::: Provided material

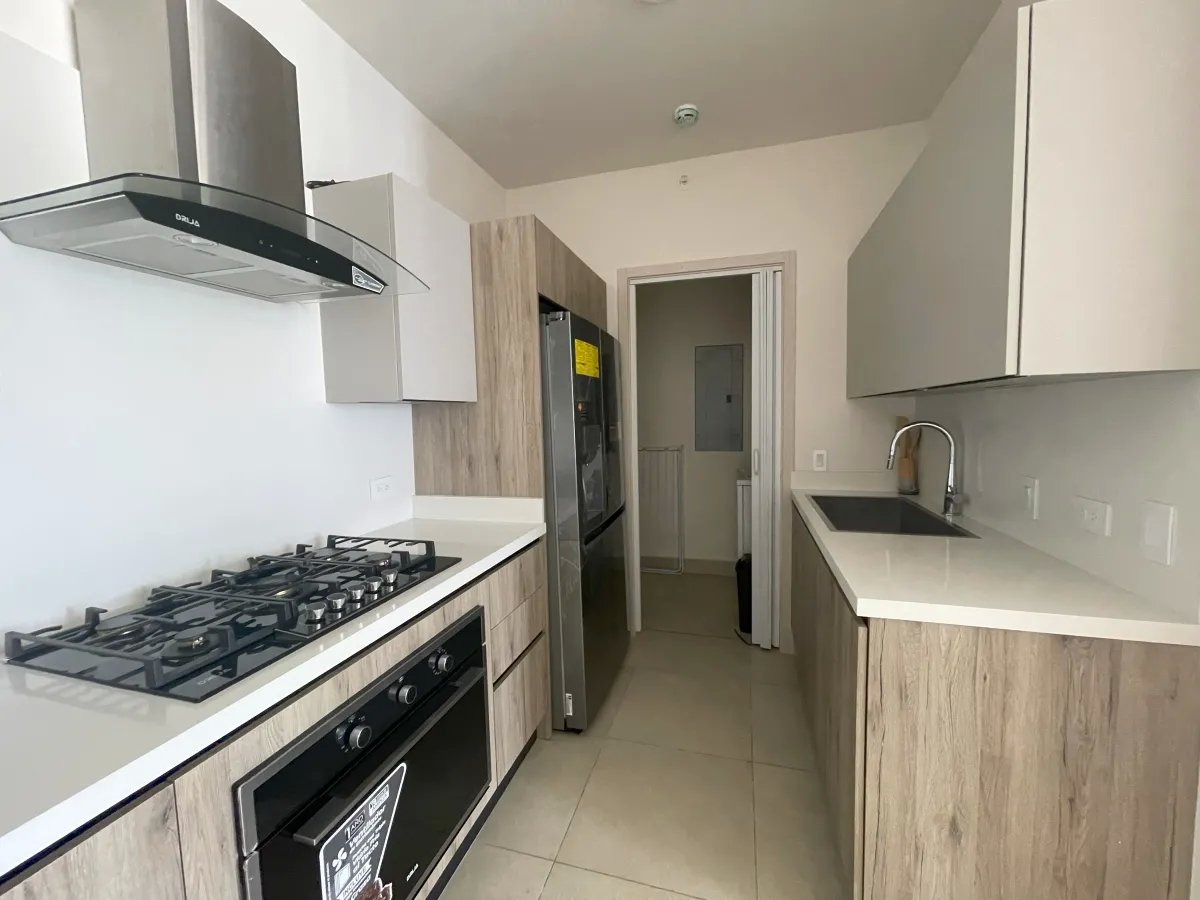 Apartment For Rent in Calle Santa María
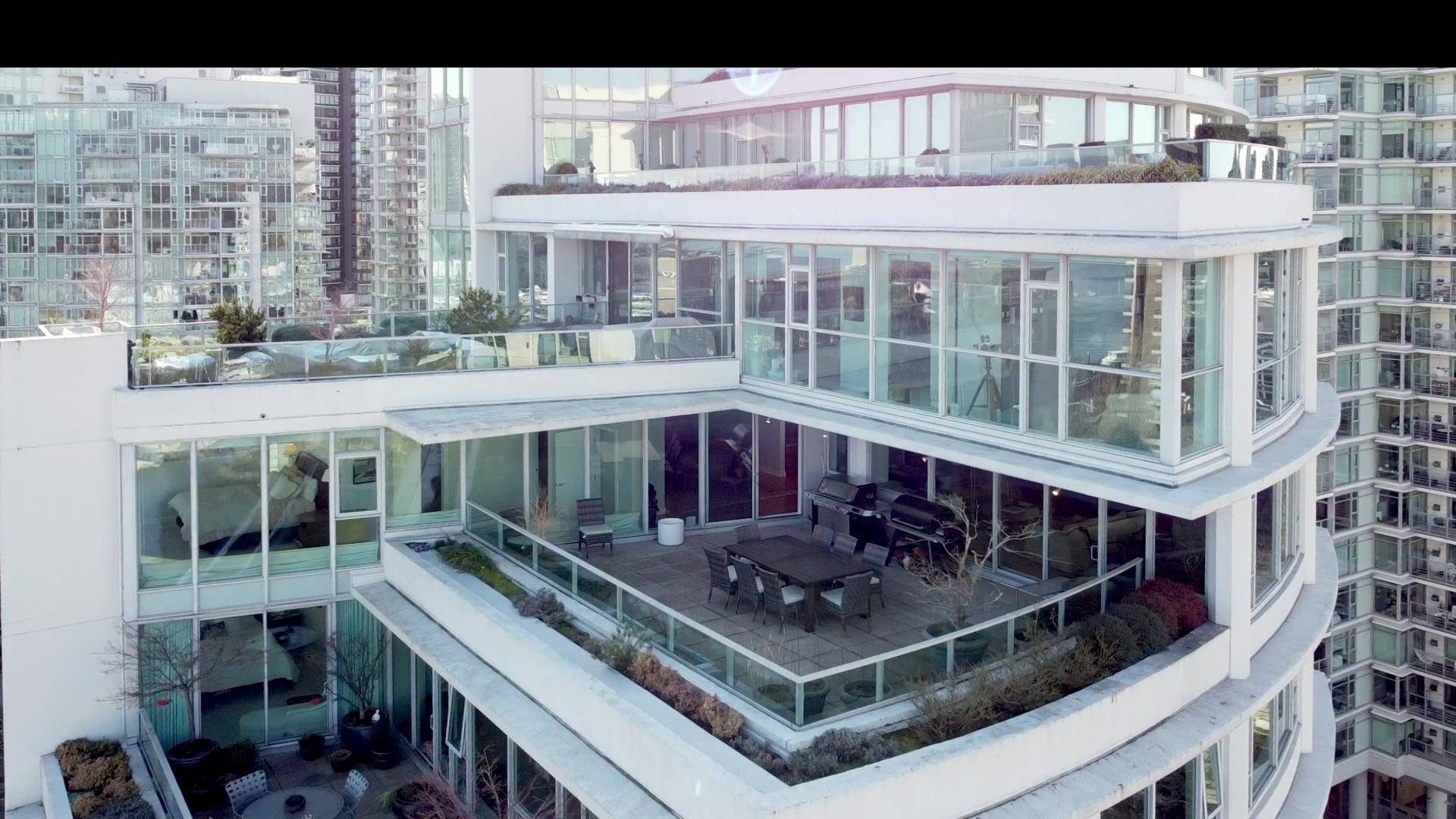 Vancouver, BC V6G 3H3,1717 Bayshore DR #PH13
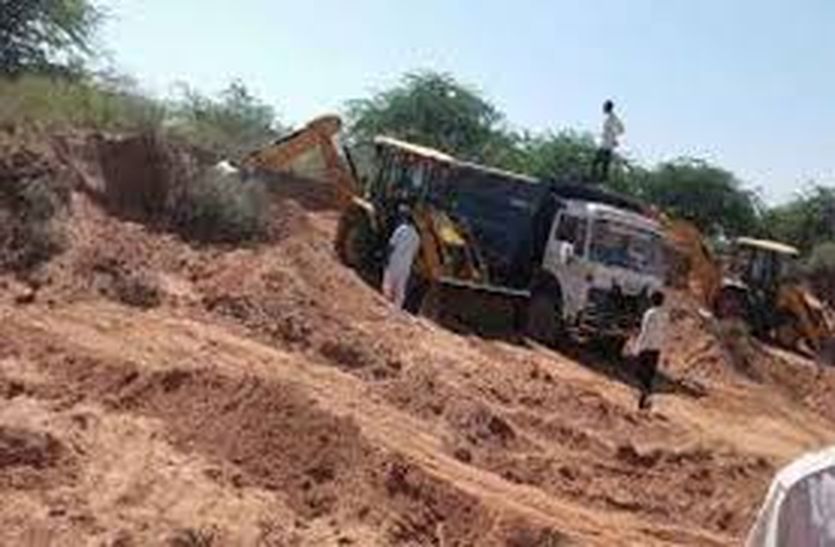 Illegal gravel mining, sand collapsed due to labor collapse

::::::

Work item — Print the listing verbatim, images excluded.

Written response —
 Apartment For Rent in Calle Santa María
 Vancouver, BC V6G 3H3,1717 Bayshore DR #PH13
 Illegal gravel mining, sand collapsed due to labor collapse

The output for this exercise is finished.